Moon Audio's favorite Neutral Headphones
Shure SRH1540 Headphones
Sennheiser HD 630VB Headphones
Warm headphones just give you MORE of an emphasis but they still deliver the same frequencies. I think the treble-forward in-ear-monitors designed for listening to oboes and flutes in orchestral music would be the only “bad” video game headphones / earphones choice.
For gaming, sound is paramount. Whether wanting to hear environmental cues like gunfire in a first person shooter or loving the atmospheric soundtracks of AAA games from top game developers, sound plays a massive role in gaming enjoyment.
Choosing the right headphones can make game play more enjoyable and real.
I will spend coin on top-shelf graphics cards to enjoy a video game's eye-candy. However, no matter how good my graphics card is, I can’t fully enjoy video game splendor without the right aural experience.

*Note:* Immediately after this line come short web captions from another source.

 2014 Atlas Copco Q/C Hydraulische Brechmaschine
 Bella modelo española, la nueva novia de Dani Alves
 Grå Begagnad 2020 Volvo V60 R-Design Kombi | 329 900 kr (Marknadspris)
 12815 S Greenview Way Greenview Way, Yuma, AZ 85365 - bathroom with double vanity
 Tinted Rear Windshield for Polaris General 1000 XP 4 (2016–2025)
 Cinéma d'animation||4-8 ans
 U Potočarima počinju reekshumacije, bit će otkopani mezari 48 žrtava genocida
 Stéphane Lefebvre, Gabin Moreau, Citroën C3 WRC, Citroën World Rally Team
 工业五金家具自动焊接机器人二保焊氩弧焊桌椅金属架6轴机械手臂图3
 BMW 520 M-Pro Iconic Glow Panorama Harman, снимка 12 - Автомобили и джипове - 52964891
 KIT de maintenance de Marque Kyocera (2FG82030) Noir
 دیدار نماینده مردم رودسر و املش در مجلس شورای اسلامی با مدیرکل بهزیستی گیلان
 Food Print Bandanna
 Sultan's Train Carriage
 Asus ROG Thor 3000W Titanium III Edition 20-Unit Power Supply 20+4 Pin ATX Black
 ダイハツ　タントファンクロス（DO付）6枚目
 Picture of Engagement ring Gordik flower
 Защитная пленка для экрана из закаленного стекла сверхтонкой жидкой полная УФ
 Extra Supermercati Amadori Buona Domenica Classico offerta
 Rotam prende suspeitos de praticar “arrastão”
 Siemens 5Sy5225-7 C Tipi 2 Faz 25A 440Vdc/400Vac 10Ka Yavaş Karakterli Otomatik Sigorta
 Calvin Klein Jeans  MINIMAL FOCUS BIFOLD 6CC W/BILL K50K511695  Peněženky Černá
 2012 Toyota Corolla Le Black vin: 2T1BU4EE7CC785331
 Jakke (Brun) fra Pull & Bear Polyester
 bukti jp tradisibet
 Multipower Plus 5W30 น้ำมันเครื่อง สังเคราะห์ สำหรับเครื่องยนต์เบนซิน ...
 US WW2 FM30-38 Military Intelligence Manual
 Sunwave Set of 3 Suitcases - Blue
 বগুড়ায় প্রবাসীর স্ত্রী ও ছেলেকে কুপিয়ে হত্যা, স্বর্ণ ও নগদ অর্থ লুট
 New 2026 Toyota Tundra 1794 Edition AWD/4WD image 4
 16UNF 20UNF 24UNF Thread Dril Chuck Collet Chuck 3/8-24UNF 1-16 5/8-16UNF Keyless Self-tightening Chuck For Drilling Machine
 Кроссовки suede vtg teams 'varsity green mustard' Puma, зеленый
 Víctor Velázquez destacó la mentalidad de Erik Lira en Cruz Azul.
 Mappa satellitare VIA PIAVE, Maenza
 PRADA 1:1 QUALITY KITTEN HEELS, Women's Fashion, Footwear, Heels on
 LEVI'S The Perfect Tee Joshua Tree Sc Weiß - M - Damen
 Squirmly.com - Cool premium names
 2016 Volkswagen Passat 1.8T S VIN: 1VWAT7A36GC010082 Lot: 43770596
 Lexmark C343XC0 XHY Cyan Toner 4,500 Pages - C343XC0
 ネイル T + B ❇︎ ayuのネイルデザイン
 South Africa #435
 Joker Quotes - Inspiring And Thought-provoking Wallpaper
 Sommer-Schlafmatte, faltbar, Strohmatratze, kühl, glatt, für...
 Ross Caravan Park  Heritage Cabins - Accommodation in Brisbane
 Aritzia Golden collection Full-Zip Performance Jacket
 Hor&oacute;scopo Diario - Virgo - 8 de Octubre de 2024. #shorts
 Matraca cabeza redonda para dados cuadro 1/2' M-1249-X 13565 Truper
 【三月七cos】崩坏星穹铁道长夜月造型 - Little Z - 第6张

Sound is sometimes an afterthought for game developers. Magic happens when a great game takes sound design seriously especially with a fantastic pair of headphones. The experience of playing a game with well designed sound great headphones is without rival.
Open vs Closed Headphones
- Allows outside noise interference
- More air for drivers
- Reduces outside noise
- More immersed gameplay
Open or closed headphones? The short answer is the best headphones solution for video games is situational. Much like movie watching, video game playing can be a social event or a late-night solitary getaway where you don’t want to wake up a significant other or child.
I have closed back headphones I use when my fiancée is reading on the couch next to me. I have open back headphones for when we game together and I need to discuss battle strategies.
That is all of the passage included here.